DATASET SECTION:
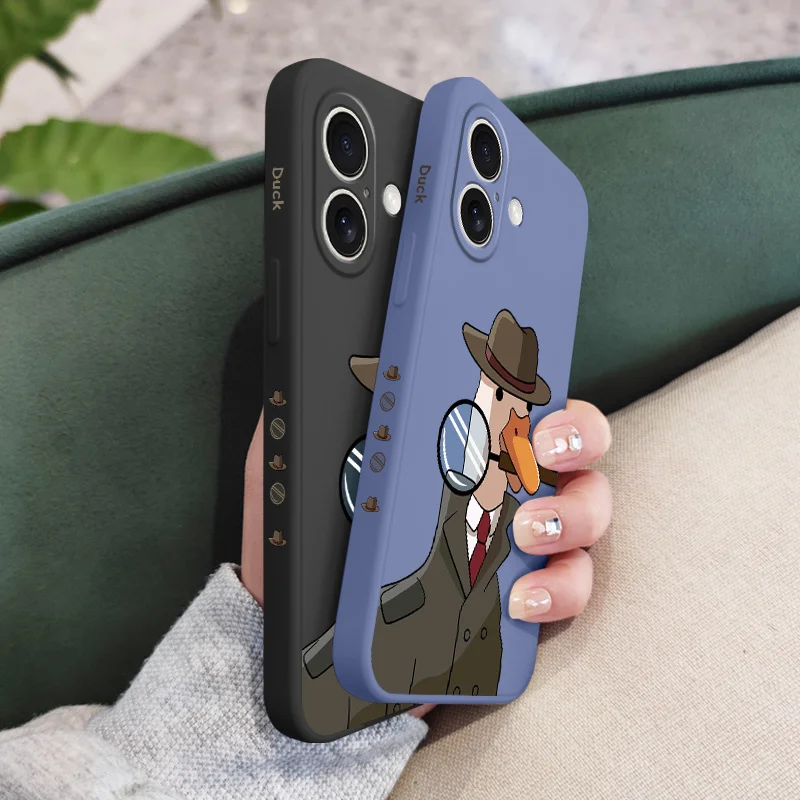 Preciosa funda de teléfono de pato para iPhone 16 16e 15 14 13 12 11 X XR XS Plus Pro Max Mini funda de silicona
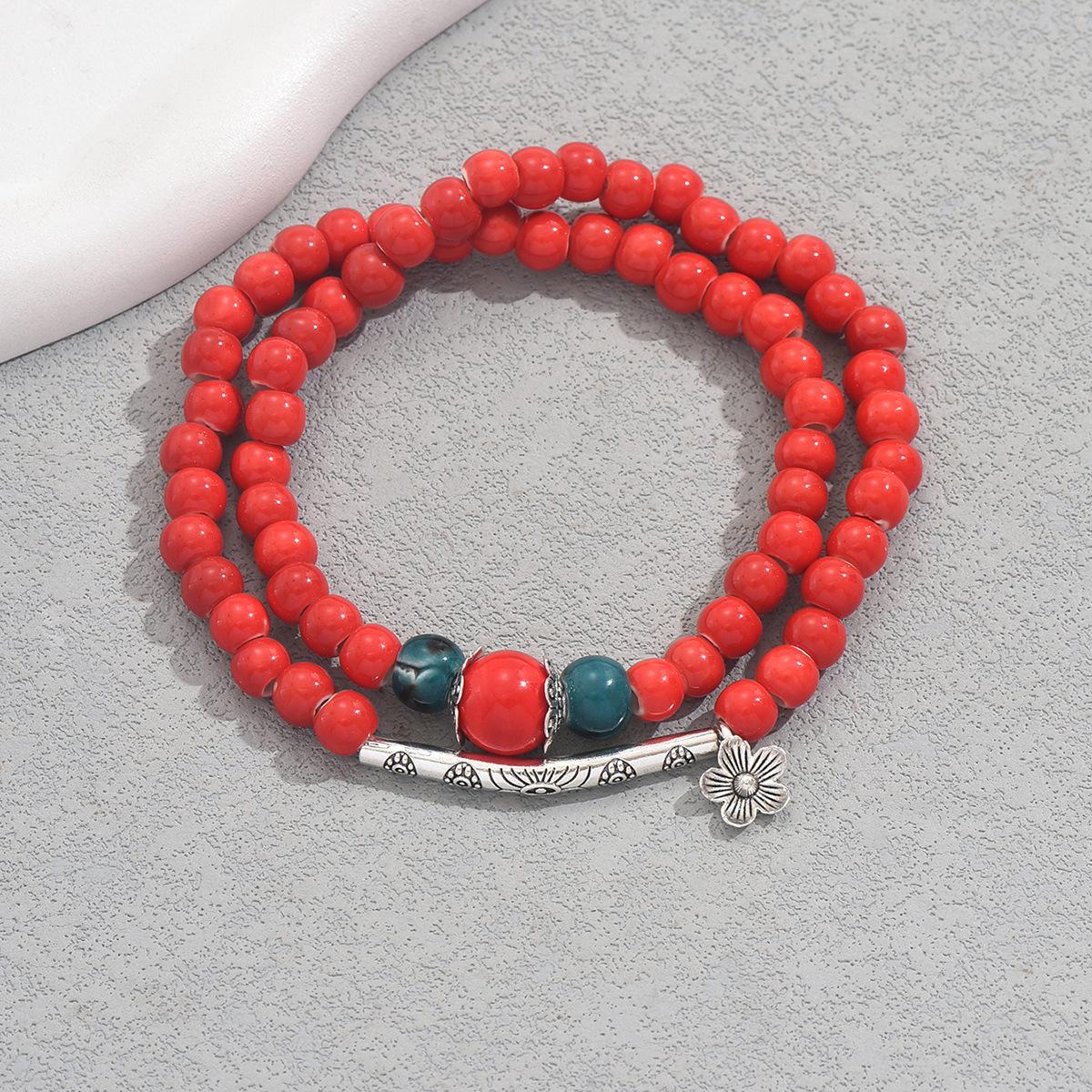 

Браслет из бусин, персонализированный, с цветочным узором в стиле ретро, универсальное украшение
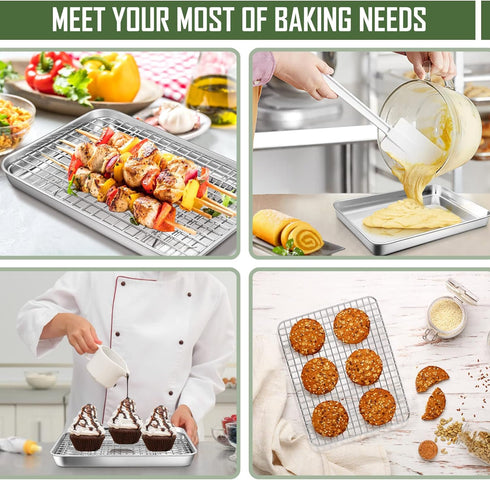 9 Inch Baking Tray Pan & Cooling Rack Set, Joyfair Stainless Steel Rectangular Toaster Oven Pan with Grid Rack for Cookies/Meats/Bacon, Non-toxic ...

WORK REQUEST: Every line of the material should be repeated precisely; pictures are to be excluded.

ANSWER:
 Preciosa funda de teléfono de pato para iPhone 16 16e 15 14 13 12 11 X XR XS Plus Pro Max Mini funda de silicona

Браслет из бусин, персонализированный, с цветочным узором в стиле ретро, универсальное украшение
 9 Inch Baking Tray Pan & Cooling Rack Set, Joyfair Stainless Steel Rectangular Toaster Oven Pan with Grid Rack for Cookies/Meats/Bacon, Non-toxic ...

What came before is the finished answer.